August 19, 2021

15 cool-weather veggies for the fall garden

Wondering what to plant in your fall garden? Here are 15 cool-weather veggies to plant now!

Just because the summer is drawing to a close doesn’t mean that your garden has to be done for the year; in fact, there are many wonderful cool-weather veggies you can grow in a fall garden, and some of them will grow on into the winter months (or even right through them, depending on your climate).

This short video shares 15 tasty ideas for things you can grow in your garden this fall. Cool-season crops like these grow best in cooler weather, and planting in late summer will give them a good head-start on growth while the soil is still warm.

Root crops, leafy greens, and quick-growing veggies like radishes or green onions are all great choices for the fall garden.

These veggies prefer a cooler climate with temperatures in the 70’s or below.
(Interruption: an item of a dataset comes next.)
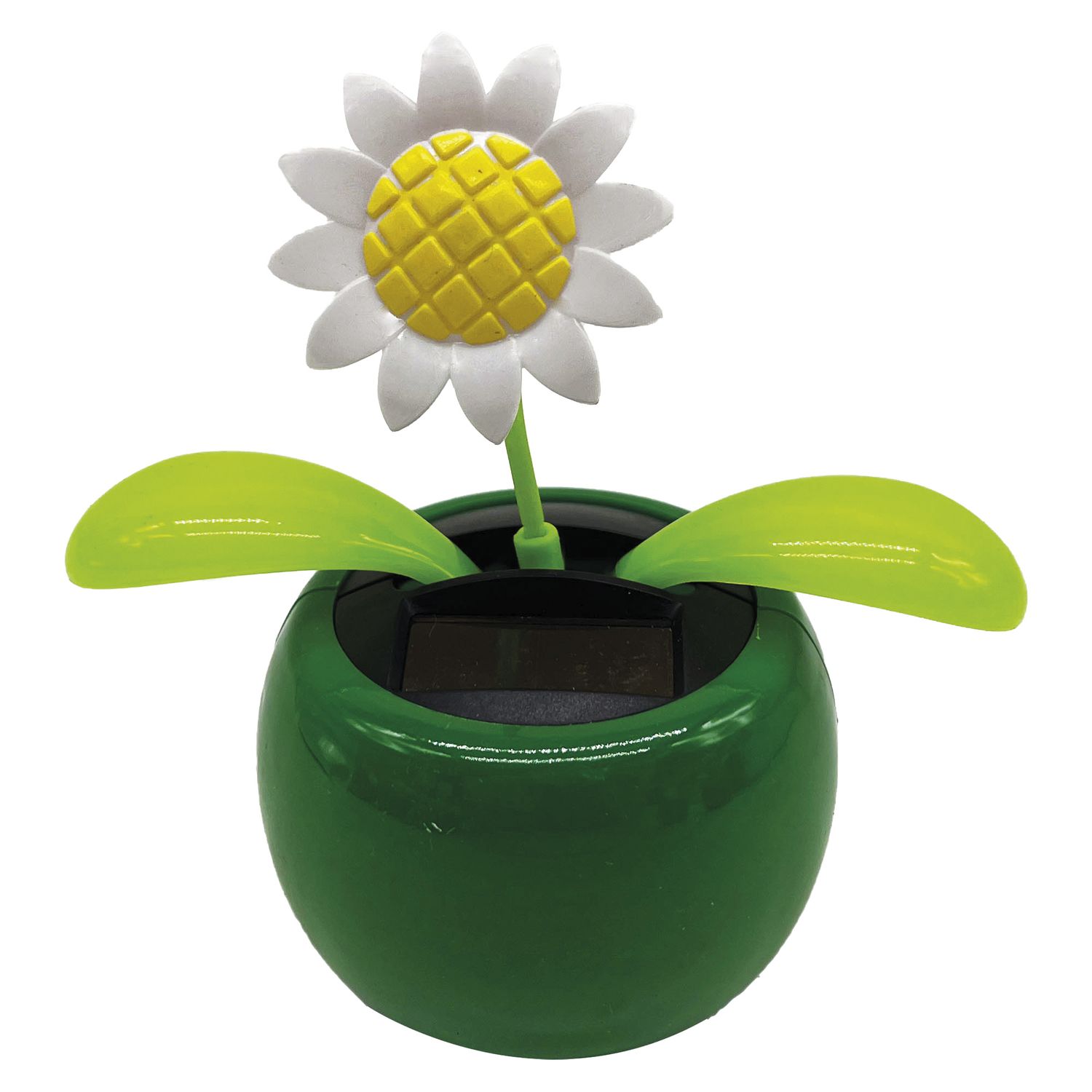 Solar flower - fiore alimentato a energia solare - ZIG ZAG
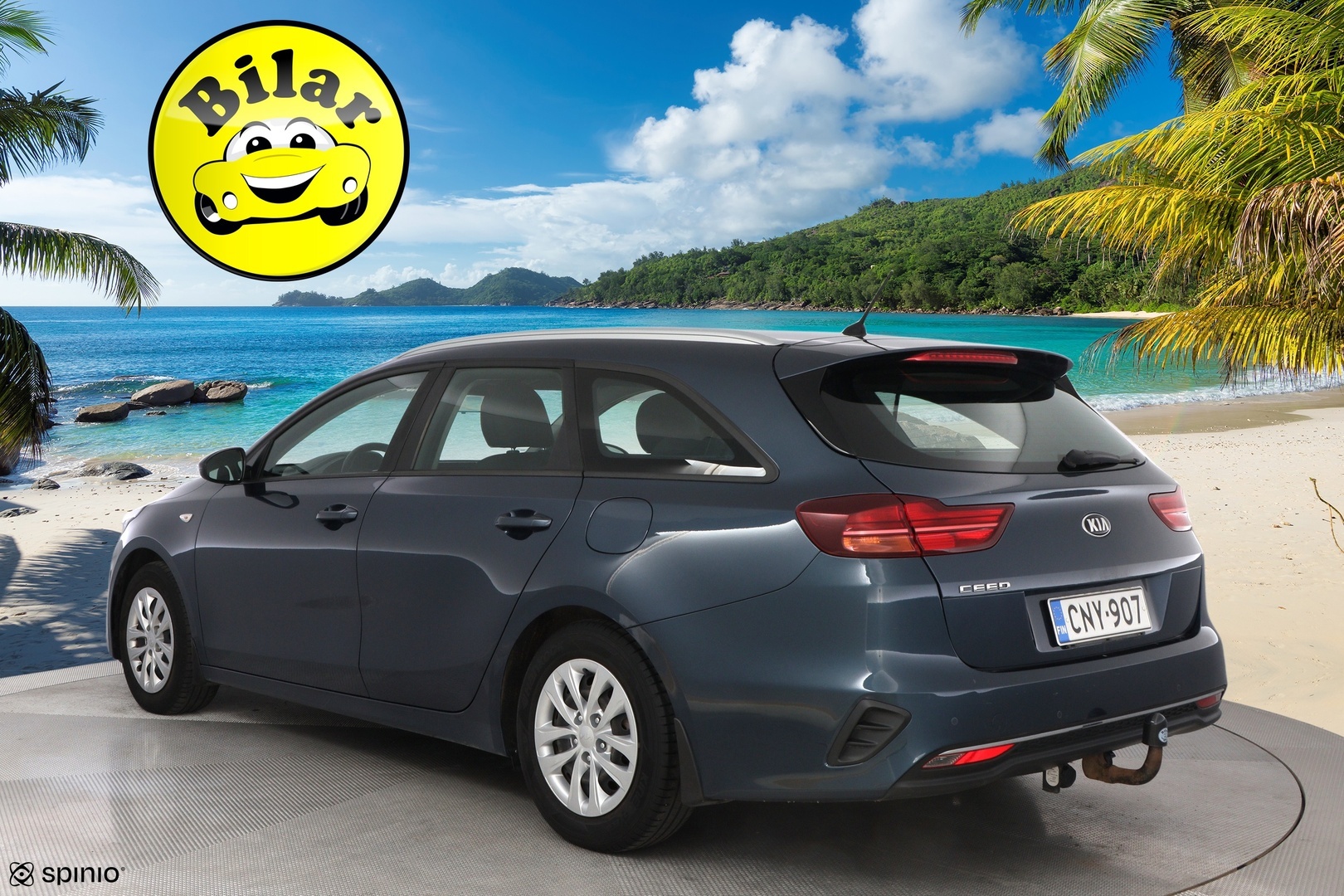 KIA Ceed 2019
You can direct-sow many of these right in the garden, or if your weather is still hot, start them indoors and plant the seedlings out when temps start to drop below 80 degrees.

Quick-maturing crops like green beans can be planted directly in the garden in late summer for a fall harvest if your growing season is long enough (if you sometimes experience early frosts, start beans a bit sooner in mid-summer, as they won’t survive frost; try this handy fall planting calculator to see if it’s too late in your area).

And brassicas love cooler weather and some (such as kale or cabbage) may even be left in the garden until mid-winter with a bit of protection. Root crops such as carrots, turnips, and parsnips are sweetest when the weather cools, and most hardy varieties may be mulched well and then harvested to enjoy in the dead of winter.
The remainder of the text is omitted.